• [REQUIREMENT]: Nothing should be left out. Give all the data again exactly as written.

══════════

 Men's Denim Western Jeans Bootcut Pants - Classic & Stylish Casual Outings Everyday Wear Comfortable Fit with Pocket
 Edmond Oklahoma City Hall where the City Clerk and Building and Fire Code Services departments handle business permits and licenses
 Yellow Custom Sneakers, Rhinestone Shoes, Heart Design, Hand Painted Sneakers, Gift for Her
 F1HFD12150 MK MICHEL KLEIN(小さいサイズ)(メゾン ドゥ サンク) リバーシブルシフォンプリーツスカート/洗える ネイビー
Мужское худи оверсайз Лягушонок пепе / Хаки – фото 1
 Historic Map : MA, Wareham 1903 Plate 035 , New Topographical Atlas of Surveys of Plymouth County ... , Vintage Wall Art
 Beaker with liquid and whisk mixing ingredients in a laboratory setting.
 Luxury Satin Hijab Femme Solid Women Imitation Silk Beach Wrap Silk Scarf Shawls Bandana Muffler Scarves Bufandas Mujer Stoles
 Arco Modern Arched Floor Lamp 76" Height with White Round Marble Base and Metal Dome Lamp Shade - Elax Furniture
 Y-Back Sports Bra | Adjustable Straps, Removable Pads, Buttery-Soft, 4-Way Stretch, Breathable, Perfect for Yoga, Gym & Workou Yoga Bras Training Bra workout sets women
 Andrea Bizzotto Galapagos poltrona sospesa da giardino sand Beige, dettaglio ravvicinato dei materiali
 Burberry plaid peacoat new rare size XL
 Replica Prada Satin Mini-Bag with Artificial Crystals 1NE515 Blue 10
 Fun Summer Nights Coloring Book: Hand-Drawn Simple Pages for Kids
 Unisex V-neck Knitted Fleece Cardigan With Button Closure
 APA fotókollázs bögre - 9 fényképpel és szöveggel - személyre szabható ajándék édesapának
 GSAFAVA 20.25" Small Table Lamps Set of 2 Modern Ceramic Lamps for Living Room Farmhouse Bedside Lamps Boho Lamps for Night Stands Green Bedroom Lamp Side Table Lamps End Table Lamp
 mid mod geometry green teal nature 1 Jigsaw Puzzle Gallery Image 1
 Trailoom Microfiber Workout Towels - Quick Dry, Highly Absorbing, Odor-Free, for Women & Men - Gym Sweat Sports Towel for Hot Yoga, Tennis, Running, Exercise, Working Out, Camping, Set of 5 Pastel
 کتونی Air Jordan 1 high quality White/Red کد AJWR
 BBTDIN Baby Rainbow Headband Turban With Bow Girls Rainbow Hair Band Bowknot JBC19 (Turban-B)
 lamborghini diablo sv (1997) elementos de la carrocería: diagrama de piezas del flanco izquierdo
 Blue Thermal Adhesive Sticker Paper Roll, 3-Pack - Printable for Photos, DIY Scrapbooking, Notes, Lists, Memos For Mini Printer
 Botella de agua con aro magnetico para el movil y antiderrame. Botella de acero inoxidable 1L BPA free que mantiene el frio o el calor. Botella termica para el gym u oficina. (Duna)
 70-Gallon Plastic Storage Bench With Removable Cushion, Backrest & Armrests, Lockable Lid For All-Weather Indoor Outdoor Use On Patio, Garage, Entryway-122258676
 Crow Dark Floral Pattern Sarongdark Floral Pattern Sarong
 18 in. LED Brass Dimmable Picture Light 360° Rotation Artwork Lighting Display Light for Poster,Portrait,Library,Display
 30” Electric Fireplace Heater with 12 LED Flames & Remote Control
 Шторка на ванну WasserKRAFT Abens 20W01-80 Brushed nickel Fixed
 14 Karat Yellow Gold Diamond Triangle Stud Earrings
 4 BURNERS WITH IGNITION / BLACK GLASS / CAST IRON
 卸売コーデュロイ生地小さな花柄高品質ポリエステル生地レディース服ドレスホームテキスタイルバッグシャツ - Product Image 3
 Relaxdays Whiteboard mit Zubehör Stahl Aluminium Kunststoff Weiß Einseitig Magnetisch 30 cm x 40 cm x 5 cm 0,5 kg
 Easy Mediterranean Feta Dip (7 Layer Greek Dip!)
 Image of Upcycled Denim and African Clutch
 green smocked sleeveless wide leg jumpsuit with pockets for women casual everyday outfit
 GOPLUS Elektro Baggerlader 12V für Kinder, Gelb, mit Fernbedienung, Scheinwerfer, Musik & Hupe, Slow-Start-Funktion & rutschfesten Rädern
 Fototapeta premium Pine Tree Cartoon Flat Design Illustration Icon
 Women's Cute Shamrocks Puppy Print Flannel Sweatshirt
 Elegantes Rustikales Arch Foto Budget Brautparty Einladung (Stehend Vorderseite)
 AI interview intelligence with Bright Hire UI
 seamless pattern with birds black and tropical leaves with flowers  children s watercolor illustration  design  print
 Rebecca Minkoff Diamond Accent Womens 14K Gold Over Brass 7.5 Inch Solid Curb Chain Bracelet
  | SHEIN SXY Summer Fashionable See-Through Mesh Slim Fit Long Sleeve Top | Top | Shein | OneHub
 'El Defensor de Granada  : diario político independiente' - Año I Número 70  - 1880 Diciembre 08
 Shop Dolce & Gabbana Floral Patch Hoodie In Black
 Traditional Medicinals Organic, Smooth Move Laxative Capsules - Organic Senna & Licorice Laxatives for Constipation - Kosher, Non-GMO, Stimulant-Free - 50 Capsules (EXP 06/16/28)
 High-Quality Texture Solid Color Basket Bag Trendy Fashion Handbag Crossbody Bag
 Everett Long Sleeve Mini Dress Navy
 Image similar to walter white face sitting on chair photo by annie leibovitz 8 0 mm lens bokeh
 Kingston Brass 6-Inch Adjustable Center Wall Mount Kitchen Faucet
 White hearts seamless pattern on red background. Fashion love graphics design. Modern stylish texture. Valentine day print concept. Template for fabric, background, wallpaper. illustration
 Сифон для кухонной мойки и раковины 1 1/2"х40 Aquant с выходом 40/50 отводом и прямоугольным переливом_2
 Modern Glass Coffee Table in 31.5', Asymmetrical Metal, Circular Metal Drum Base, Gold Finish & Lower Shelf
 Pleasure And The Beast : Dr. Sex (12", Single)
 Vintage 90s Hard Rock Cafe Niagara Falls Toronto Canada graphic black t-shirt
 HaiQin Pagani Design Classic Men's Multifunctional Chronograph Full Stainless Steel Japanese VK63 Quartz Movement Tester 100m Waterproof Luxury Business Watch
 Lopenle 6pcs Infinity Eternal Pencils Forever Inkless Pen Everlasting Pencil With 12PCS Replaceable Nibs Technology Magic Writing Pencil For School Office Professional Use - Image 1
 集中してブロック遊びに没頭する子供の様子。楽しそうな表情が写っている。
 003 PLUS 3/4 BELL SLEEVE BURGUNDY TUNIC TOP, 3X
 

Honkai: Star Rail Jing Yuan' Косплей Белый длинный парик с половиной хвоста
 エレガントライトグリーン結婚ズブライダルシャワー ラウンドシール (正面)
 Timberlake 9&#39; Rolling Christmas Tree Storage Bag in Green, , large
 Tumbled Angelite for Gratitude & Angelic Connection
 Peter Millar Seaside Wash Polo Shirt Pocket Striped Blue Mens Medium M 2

══════════

• [EXERCISE RESPONSE]:
 Men's Denim Western Jeans Bootcut Pants - Classic & Stylish Casual Outings Everyday Wear Comfortable Fit with Pocket
 Edmond Oklahoma City Hall where the City Clerk and Building and Fire Code Services departments handle business permits and licenses
 Yellow Custom Sneakers, Rhinestone Shoes, Heart Design, Hand Painted Sneakers, Gift for Her
 F1HFD12150 MK MICHEL KLEIN(小さいサイズ)(メゾン ドゥ サンク) リバーシブルシフォンプリーツスカート/洗える ネイビー
Мужское худи оверсайз Лягушонок пепе / Хаки – фото 1
 Historic Map : MA, Wareham 1903 Plate 035 , New Topographical Atlas of Surveys of Plymouth County ... , Vintage Wall Art
 Beaker with liquid and whisk mixing ingredients in a laboratory setting.
 Luxury Satin Hijab Femme Solid Women Imitation Silk Beach Wrap Silk Scarf Shawls Bandana Muffler Scarves Bufandas Mujer Stoles
 Arco Modern Arched Floor Lamp 76" Height with White Round Marble Base and Metal Dome Lamp Shade - Elax Furniture
 Y-Back Sports Bra | Adjustable Straps, Removable Pads, Buttery-Soft, 4-Way Stretch, Breathable, Perfect for Yoga, Gym & Workou Yoga Bras Training Bra workout sets women
 Andrea Bizzotto Galapagos poltrona sospesa da giardino sand Beige, dettaglio ravvicinato dei materiali
 Burberry plaid peacoat new rare size XL
 Replica Prada Satin Mini-Bag with Artificial Crystals 1NE515 Blue 10
 Fun Summer Nights Coloring Book: Hand-Drawn Simple Pages for Kids
 Unisex V-neck Knitted Fleece Cardigan With Button Closure
 APA fotókollázs bögre - 9 fényképpel és szöveggel - személyre szabható ajándék édesapának
 GSAFAVA 20.25" Small Table Lamps Set of 2 Modern Ceramic Lamps for Living Room Farmhouse Bedside Lamps Boho Lamps for Night Stands Green Bedroom Lamp Side Table Lamps End Table Lamp
 mid mod geometry green teal nature 1 Jigsaw Puzzle Gallery Image 1
 Trailoom Microfiber Workout Towels - Quick Dry, Highly Absorbing, Odor-Free, for Women & Men - Gym Sweat Sports Towel for Hot Yoga, Tennis, Running, Exercise, Working Out, Camping, Set of 5 Pastel
 کتونی Air Jordan 1 high quality White/Red کد AJWR
 BBTDIN Baby Rainbow Headband Turban With Bow Girls Rainbow Hair Band Bowknot JBC19 (Turban-B)
 lamborghini diablo sv (1997) elementos de la carrocería: diagrama de piezas del flanco izquierdo
 Blue Thermal Adhesive Sticker Paper Roll, 3-Pack - Printable for Photos, DIY Scrapbooking, Notes, Lists, Memos For Mini Printer
 Botella de agua con aro magnetico para el movil y antiderrame. Botella de acero inoxidable 1L BPA free que mantiene el frio o el calor. Botella termica para el gym u oficina. (Duna)
 70-Gallon Plastic Storage Bench With Removable Cushion, Backrest & Armrests, Lockable Lid For All-Weather Indoor Outdoor Use On Patio, Garage, Entryway-122258676
 Crow Dark Floral Pattern Sarongdark Floral Pattern Sarong
 18 in. LED Brass Dimmable Picture Light 360° Rotation Artwork Lighting Display Light for Poster,Portrait,Library,Display
 30” Electric Fireplace Heater with 12 LED Flames & Remote Control
 Шторка на ванну WasserKRAFT Abens 20W01-80 Brushed nickel Fixed
 14 Karat Yellow Gold Diamond Triangle Stud Earrings
 4 BURNERS WITH IGNITION / BLACK GLASS / CAST IRON
 卸売コーデュロイ生地小さな花柄高品質ポリエステル生地レディース服ドレスホームテキスタイルバッグシャツ - Product Image 3
 Relaxdays Whiteboard mit Zubehör Stahl Aluminium Kunststoff Weiß Einseitig Magnetisch 30 cm x 40 cm x 5 cm 0,5 kg
 Easy Mediterranean Feta Dip (7 Layer Greek Dip!)
 Image of Upcycled Denim and African Clutch
 green smocked sleeveless wide leg jumpsuit with pockets for women casual everyday outfit
 GOPLUS Elektro Baggerlader 12V für Kinder, Gelb, mit Fernbedienung, Scheinwerfer, Musik & Hupe, Slow-Start-Funktion & rutschfesten Rädern
 Fototapeta premium Pine Tree Cartoon Flat Design Illustration Icon
 Women's Cute Shamrocks Puppy Print Flannel Sweatshirt
 Elegantes Rustikales Arch Foto Budget Brautparty Einladung (Stehend Vorderseite)
 AI interview intelligence with Bright Hire UI
 seamless pattern with birds black and tropical leaves with flowers  children s watercolor illustration  design  print
 Rebecca Minkoff Diamond Accent Womens 14K Gold Over Brass 7.5 Inch Solid Curb Chain Bracelet
  | SHEIN SXY Summer Fashionable See-Through Mesh Slim Fit Long Sleeve Top | Top | Shein | OneHub
 'El Defensor de Granada  : diario político independiente' - Año I Número 70  - 1880 Diciembre 08
 Shop Dolce & Gabbana Floral Patch Hoodie In Black
 Traditional Medicinals Organic, Smooth Move Laxative Capsules - Organic Senna & Licorice Laxatives for Constipation - Kosher, Non-GMO, Stimulant-Free - 50 Capsules (EXP 06/16/28)
 High-Quality Texture Solid Color Basket Bag Trendy Fashion Handbag Crossbody Bag
 Everett Long Sleeve Mini Dress Navy
 Image similar to walter white face sitting on chair photo by annie leibovitz 8 0 mm lens bokeh
 Kingston Brass 6-Inch Adjustable Center Wall Mount Kitchen Faucet
 White hearts seamless pattern on red background. Fashion love graphics design. Modern stylish texture. Valentine day print concept. Template for fabric, background, wallpaper. illustration
 Сифон для кухонной мойки и раковины 1 1/2"х40 Aquant с выходом 40/50 отводом и прямоугольным переливом_2
 Modern Glass Coffee Table in 31.5', Asymmetrical Metal, Circular Metal Drum Base, Gold Finish & Lower Shelf
 Pleasure And The Beast : Dr. Sex (12", Single)
 Vintage 90s Hard Rock Cafe Niagara Falls Toronto Canada graphic black t-shirt
 HaiQin Pagani Design Classic Men's Multifunctional Chronograph Full Stainless Steel Japanese VK63 Quartz Movement Tester 100m Waterproof Luxury Business Watch
 Lopenle 6pcs Infinity Eternal Pencils Forever Inkless Pen Everlasting Pencil With 12PCS Replaceable Nibs Technology Magic Writing Pencil For School Office Professional Use - Image 1
 集中してブロック遊びに没頭する子供の様子。楽しそうな表情が写っている。
 003 PLUS 3/4 BELL SLEEVE BURGUNDY TUNIC TOP, 3X
 

Honkai: Star Rail Jing Yuan' Косплей Белый длинный парик с половиной хвоста
 エレガントライトグリーン結婚ズブライダルシャワー ラウンドシール (正面)
 Timberlake 9&#39; Rolling Christmas Tree Storage Bag in Green, , large
 Tumbled Angelite for Gratitude & Angelic Connection
 Peter Millar Seaside Wash Polo Shirt Pocket Striped Blue Mens Medium M 2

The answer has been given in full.